It should complete in about five minutes once it has begun to run and produce a file named MPI_test.ppm in your home directory and an output file in a tmp directory under your home directory. The image file can be viewed with the GIMP program, or with irfanview

The following is a BASH-shell script to run the same program.

  • Run the following using qsub scriptname, where scriptname is the name you save the script under (or /home/examples/scripts/mpi_raytrace.bash).
#$ -S /bin/bash -pe MPI 20 -V -o $HOME/tmp/$JOB_NAME.$JOB_ID -j y
#   -S /bin/bash : Run the jobs using /bin/bash on this script
#   -pe MPI 20 : Run in the "MPI" parallel environment, with 20 job slots
#       (MPI is the compute queue, gMPI is the GPU queue, aMPI is the all queue).
#   -V : All environment variables active within qsub should be exported to the job
#   -o : Put the output files in ~/tmp, named by job name and ID, and task ID
#   -j y : Join the error and output files for each job (must come after -o).

# $TMPDIR/machines is filled in by the Grid Engine
# $NSLOTS holds the number of processes that have been run.
WDIR=/home/examples/tests/sge/mpi
cd $WDIR
# If using a starred MPI environment (See Using MPI):
`which mpirun` $WDIR/shootmpi -s 80 20 -r 1 $WDIR/1M1J.opt.wld ~/MPI_test.ppm
# Otherwise:
`which mpirun` -np $NSLOTS -hostfile $TMPDIR/machines $WDIR/shootmpi -s 80 20 -r 1 $WDIR/1M1J.opt.wld ~/MPI_test.ppm

If you are going to submit the script from the same directory it should run in, you can avoid the whole $WDIR setting above by adding the line #$ -cwd to the script -- that will run it in the current working directory at the time it is submitted.

Available MPI parallel environments

These are the parallel environments (-pe option) available for MPI user job submission on the machine:

  • MPI This is where MPI jobs should normally be submitted. It attempts to fill a node up with job instances before moving to the next node.
  • rrMPI : This parallel environment distributes job instances in a round-robin fashion to all of the available nodes.

Running a set of shared-memory parallel jobs on the GRID

To submit a number of independent jobs, each of which uses more than one shared-memory thread, submit using the '-t' option, but submit to a parallel environment rather than to a queue. If you want 10 jobs, each of which requires a 16-processor machine, use the following (/home/examples/scripts/independent_smp.bash):

#$ -S /bin/bash
#$ -t 1-10
#$ -o $HOME/tmp/$JOB_NAME.$JOB_ID.$TASK_ID
#$ -j y
#$ -pe smp 16
#$ -tc 6  # If we're running 16-way parallel, only do 6 at a time
#           to make sure that we don't use more than 100 cores at
#           once.

# Run the job.
echo "I am job $SGE_TASK_ID, and am running with 16 reserved processors"

OpenMP

The g++ compiler supports OpenMP when the -fopenmp flag is used at the compile and link lines.

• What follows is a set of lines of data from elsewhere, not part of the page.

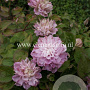 Clematis Dancing Smile GM 2,0L leverbaar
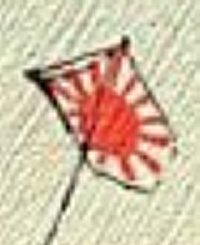Coat-of-Arms Kite
                  (Monsh-tako); five angled kite
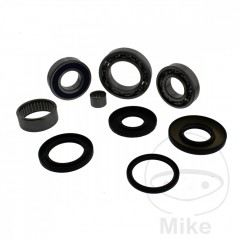 ALL BALLS Complete front differential bearing repair kit 773.05.08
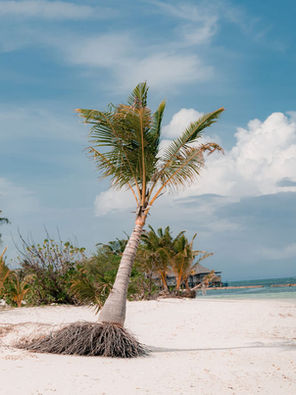 The Healing Ocean Yoga Retreat, Maldives, 25.04. - 05.02.2026, Deutschsprachiges Yoga Retreat, Ohana Yoga Studio, Elisabeth Lorbeer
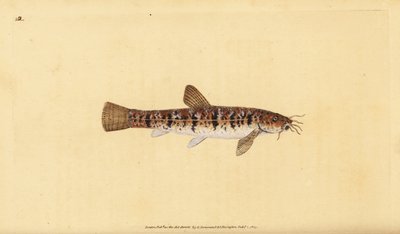Sten loach, Barbatula barbatula (skäggig loche, Cobitis barbatula). Handfärgad kopparplåt ritad och graverad av Edward Donovan från hans Natural History of British Fishes, Donovan och F.C. och J. Rivington, London av Edward Donovan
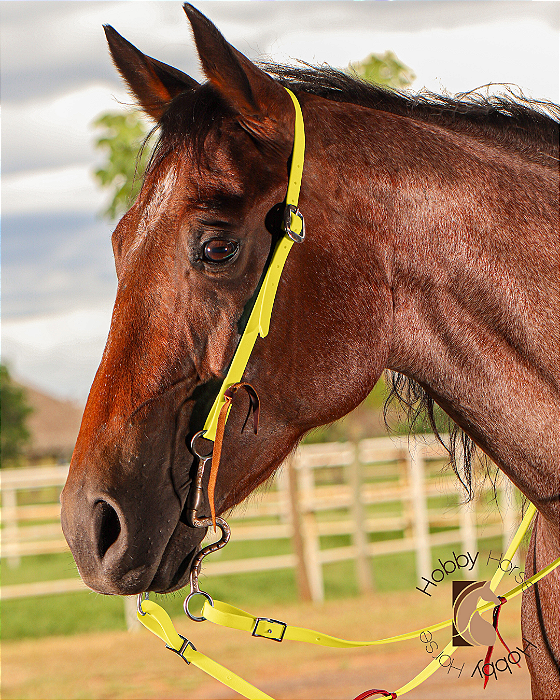 Cabeçada de uma orelha em silicone amarelo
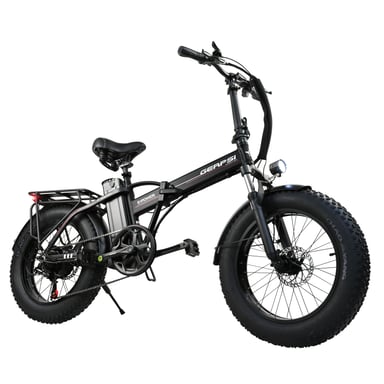 Bicicleta eléctrica BAOLUJIE DZ2002 con neumáticos anchos para adultos, batería extraíble de 48 V y 16 Ah - negra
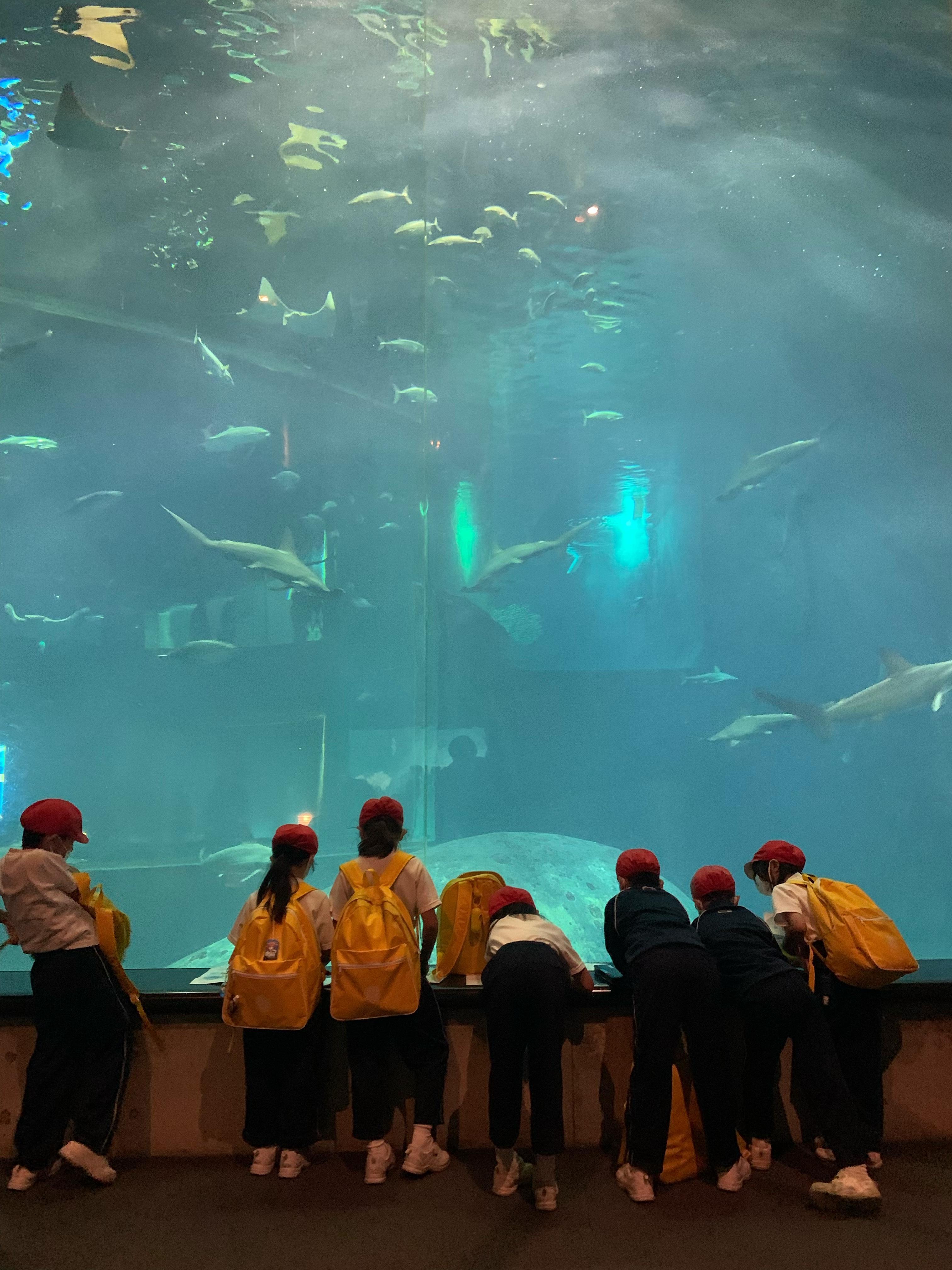 2年生 生活科見学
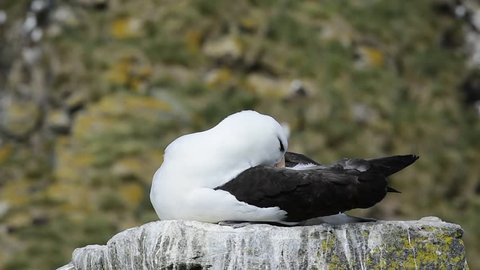 Black browed Albatross on rock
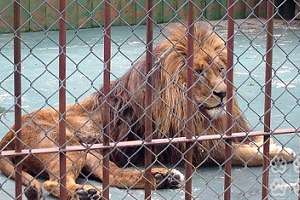 Comisión de Bienestar Animal de Maldonado busca agilizar traslado del león del Parque Medina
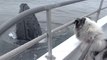 Unlikely Friendship: Dog meets a friendly Whale in the ocean!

Only version 4.4 (gcc44, g++44) fully supports OpenMP; use that version. If you want an OpenMP job to only use a specific number of processors rather than all of the available processors when it runs, for example 8, add the line

export OMP_NUM_THREADS=8

into your script before the program-execution line. This is useful if you need be able to run on a host that has one or two jobs already running on it, or if you want to limit the size of each of your jobs so that multiple ones can fit on the same node. Make the number of processors requested match the number your job will use (-pe smp 8 in this case).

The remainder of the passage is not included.